The delivery problems with corona vaccines lead to a dispute among the EU member states: Austria’s Chancellor Sebastian Kurz and the heads of government of Bulgaria, Croatia, Latvia, Slovenia and the Czech Republic have sent a letter of complaint to Commission President Ursula von der Leyen and Council President Charles Michel. In the two-page letter to “Dear Ursula, dear Charles”, the sextet complains that the vaccines are not divided fairly between the 27 EU countries – some received more, some less than they are entitled to according to the proportion of the population. The politicians call on Michel to allow “a debate on this important issue between the heads of state and government as soon as possible”.
An EU representative pointed out at the weekend that Michel is inviting people to a summit meeting on March 25 and 26, at which the fight against the pandemic is on the agenda. The background to the dispute is the failures at Astra Zeneca – and the fact that some countries are more dependent on this company’s vaccines than others.
The British-Swedish manufacturer announced on Friday evening that it would only be able to deliver 100 million cans in the first half of the year instead of the promised 270. The group has been behind schedule since the beginning of the year. The Mainz company Biontech and its US partner Pfizer, however, keep their promises. And contrary to expectations, the duo’s novel mRNA vaccine was approved earlier than the Astra Zeneca drug.

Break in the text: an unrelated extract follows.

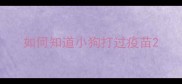 如何知道小狗打过疫苗
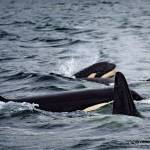 Puget Sounds southern resident orcas, who use echolocation to find food, may be protected by a speed limit for vessels approaching the endangered species (Ken Rea, SpiritofOrca.com Photo).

Bulgaria wanted to buy less – Berlin took hold of it
This is nice for countries that have ordered a comparatively large amount from Biontech and little from Astra Zeneca. And bad for those who are the other way around. The EU Commission, which negotiated the contracts with the manufacturers, suggested distributing the vaccines of each individual manufacturer to the states exactly according to the proportion of the population. Germany will then account for 18.6 percent of the funds. However, in the fall, some governments wanted to buy less from the Biontech vaccine than they are entitled to. The product is much more expensive than the Astra Zeneca product and must be frozen. There were similar concerns with the vaccine of the US company Moderna. In particular, poorer member states such as Bulgaria were reluctant to use these vaccines – and primarily relied on Astra Zeneca.
The surplus doses of the Biontech or Moderna vaccine were then ordered by richer countries such as Germany, France, Denmark or the Netherlands. As a result, they now receive more of it than the population key suggests and are less dependent on Astra Zeneca. In Bulgaria, 55 percent of the vaccine doses delivered to date come from Astra Zeneca, in Croatia and Latvia it is more than 40 percent – and in Germany only 25 percent.
Chancellor Kurz attacks a committee headed by a compatriot
Chancellor Kurz and the other signatories argue that it is “a matter of European solidarity to ensure that all Member States, large and small, have equal access to scarce” vaccines. The Austrian Christian Democrat presented his demands at a press conference on Friday. There he also complained that there was a non-transparent “bazaar” for vaccine in the steering committee. In the body, representatives of the member states monitor the joint procurement of vaccines. Interestingly enough, Clemens Auer is an Austrian co-chairman.
The federal government as well as the governments of the Netherlands and Malta defended their purchases of additional cans against criticism from Kurz. The EU Commission announced that allocation strictly according to the population key would be fair and therefore the model originally proposed by it. But now it is “up to the member states to reach an agreement if they want to return to population-based distribution”.